What are three things you can’t live without (aside from food, water, air…)?
- Family. I see no purpose if I don’t have my wife and kids.
- I cannot live without day trips.We like to go to Mackinac or Cedar Point. I love planning the trip: getting hotels, rates, the agenda.
- I also can’t live without good water. I’m a water snob. I hate to say that, but I am. I won’t drink tap water. It’s not because I want to impress people. I just love great water.
What is something people would be surprised to know about you? I was engaged to my wife Allison after four days in London.
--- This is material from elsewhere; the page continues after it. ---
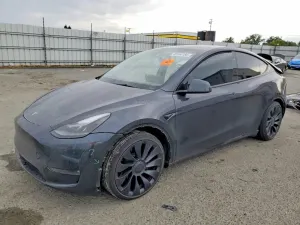 Tesla Model Y 2024
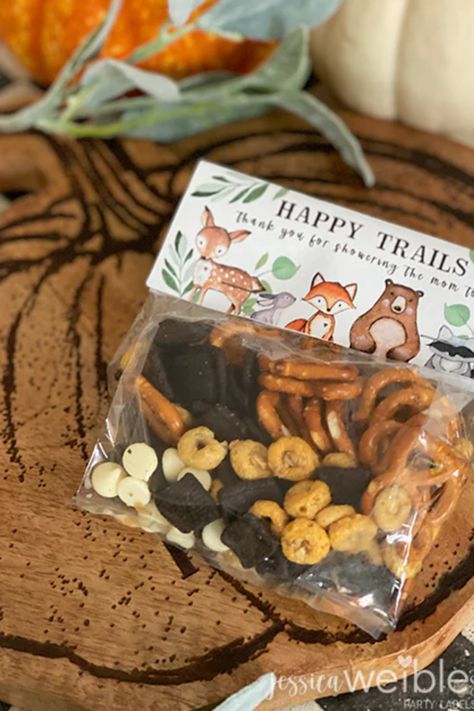 Woodland Theme Party, Birthday Party Treat Bags, Woodland Baby Shower Favors, Treat Bag Toppers, Forest Baby Showers, Animal Baby Shower Theme, Birthday Party Treats, Woodland Birthday Party, Inch Bag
Wow. More details on that story, please. We were both stateside and went to Alma College. Took a class, ENG383, which was Medieval Literature. I had never met her before, but we were both in this class and we got to go overseas. We’re flying in this giant plane. My buddy Mike gets air sick, and he’s like, ‘I need to change seats; I can’t be by the window.’ He was sitting next to Allison, and we switched seats so I sat next to her.
Every day after class in London, we’d go to the Ye Olde Cock tavern. We were all drinking Guinness and talking about relationships. Allison, this shy girl, suddenly blurts out, ‘I just want to be married to the first person who asks so I get it done with.’ I had a couple of drinks at this point. I go to this store next door, and as fate would have it, I buy this ring for $200. I come back and say to her, ‘Hey, you said you’d marry the first person who’d ask you.’ She said, ‘I guess so. Yeah.’ She put the ring on, and from that point on, we were inseparable.
We celebrated our 21st wedding anniversary on June 24. For the record, I did end up proposing with a better ring. She still wears the London ring on her pinky finger.
What was the best piece of advice you’ve been given, and who gave it to you?
My dad said to me in high school, “Anything worth doing is worth doing well.” That still is very important to me. I say it to the sales team; I say it to my sons. I would rather do it once correctly.
Also, Tark [Dave Tokarsky, general manager at Linwood] also says “A goal without a plan is only a dream.” Act with intention. It changed the way I focus on my day-to-day. I write out more notes. I label my objective for the day. I am much more organized, both personally and professionally.